§ **What to produce**:
Although the listing below holds pictures, reproduce only its lines from the one containing "hugearms webcam" through the last, exactly and without them.

[[ Data segment, beginning ]]

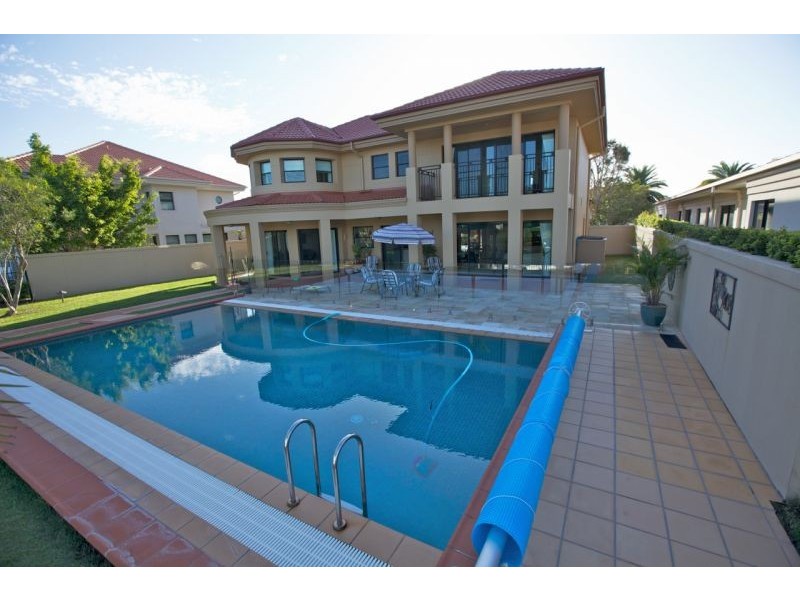 1024 Rosebank Wy, Hope Island QLD 4212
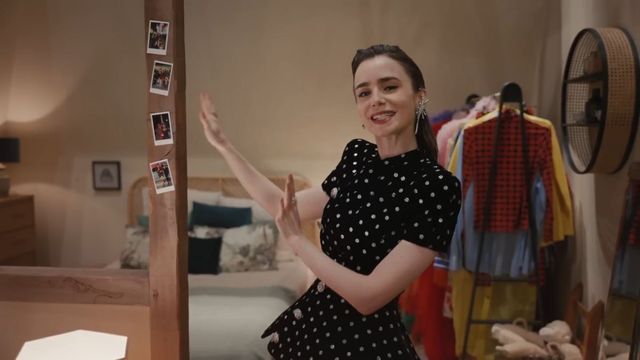 〈에밀리, 파리에 가다〉 릴리 콜린스 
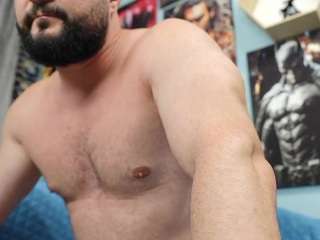 hugearms webcam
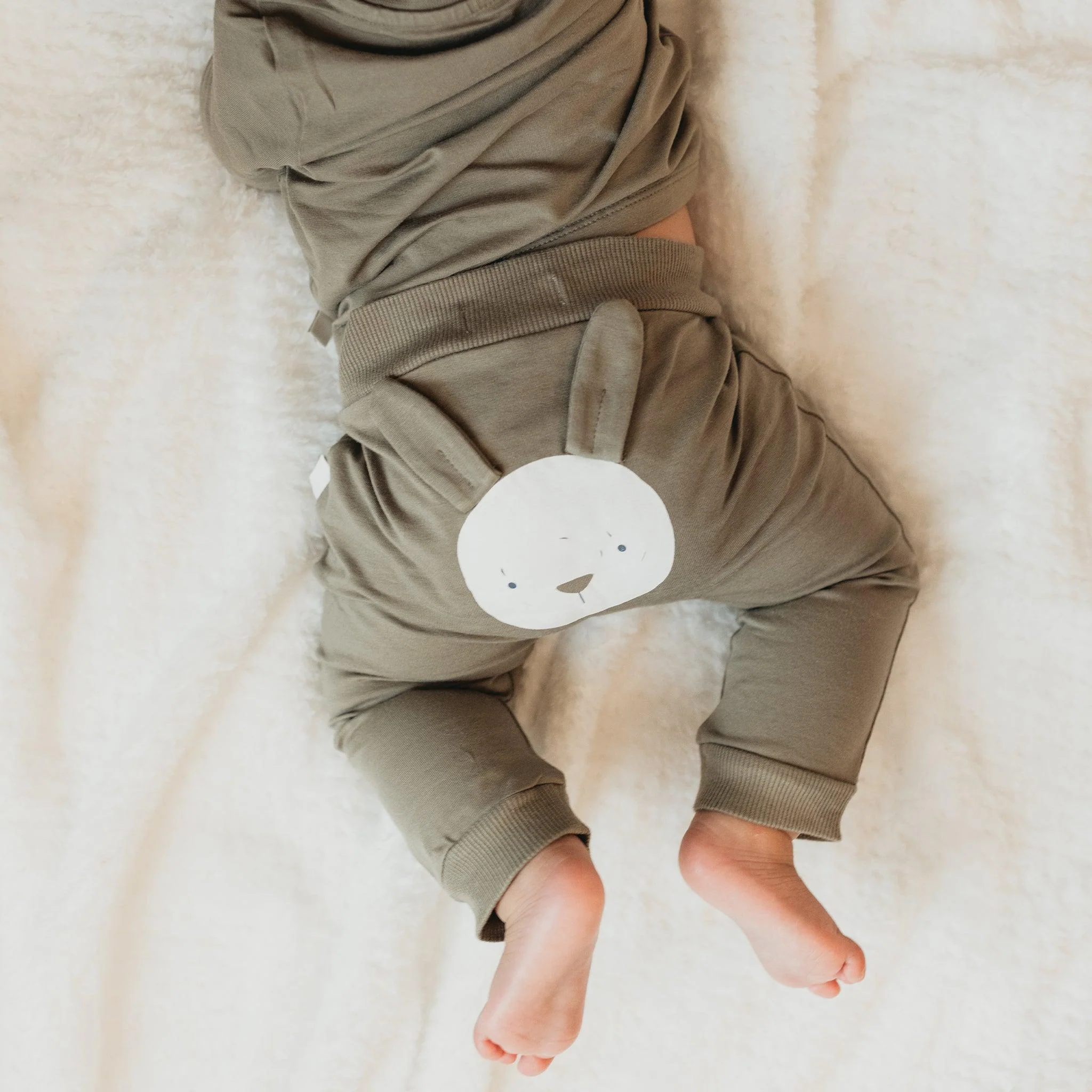 RETIRED - Organic Long Sleeve Bunny Pant Set - Bayleaf - Image 2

[[ Data segment, end ]]

§ **Answer area**:
 hugearms webcam
 RETIRED - Organic Long Sleeve Bunny Pant Set - Bayleaf - Image 2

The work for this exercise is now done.